(Data begins)
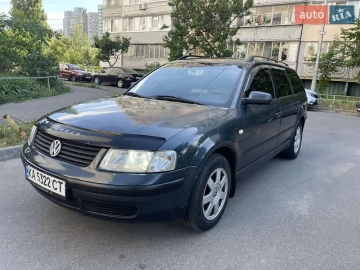Авто Volkswagen Passat 2000 № 7802999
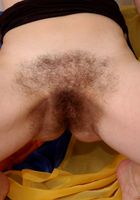 Angelika in mature and hairy, Angelika (ang063) ATK Natural & Hairy: Angelika (Angelika in mature and hairy)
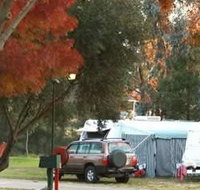 Austin Tourist Park - Tourism Canberra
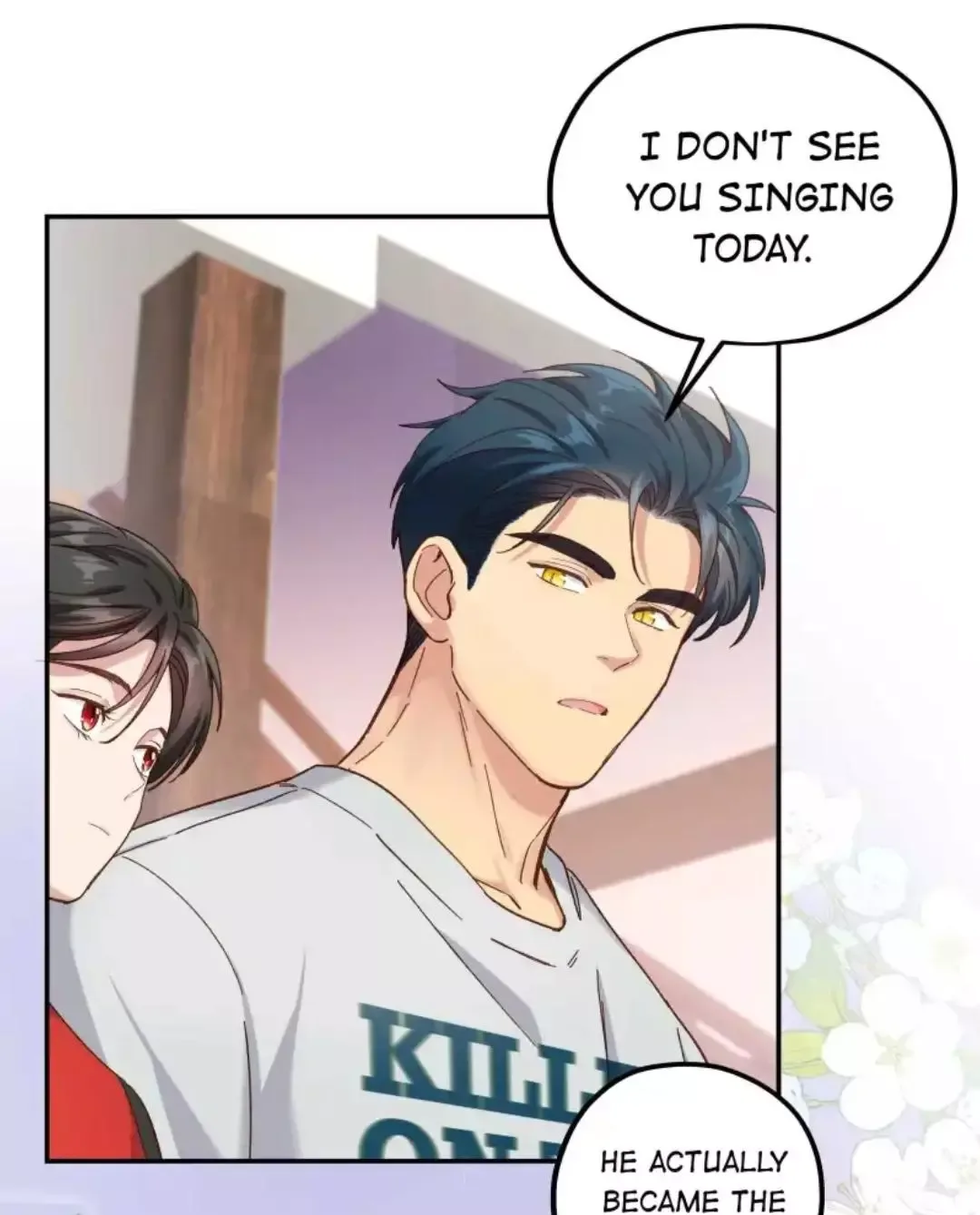 Paixiu restaurant, only in but not out Chapter 93 page 20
(Data ends)
## Task details
With the pictures excluded, retype exactly the lines from the one containing "Angelika in mature and hairy, Angelika" through the last line of the listing, both ends included.

## Answer area
 Angelika in mature and hairy, Angelika (ang063) ATK Natural & Hairy: Angelika (Angelika in mature and hairy)
 Austin Tourist Park - Tourism Canberra
 Paixiu restaurant, only in but not out Chapter 93 page 20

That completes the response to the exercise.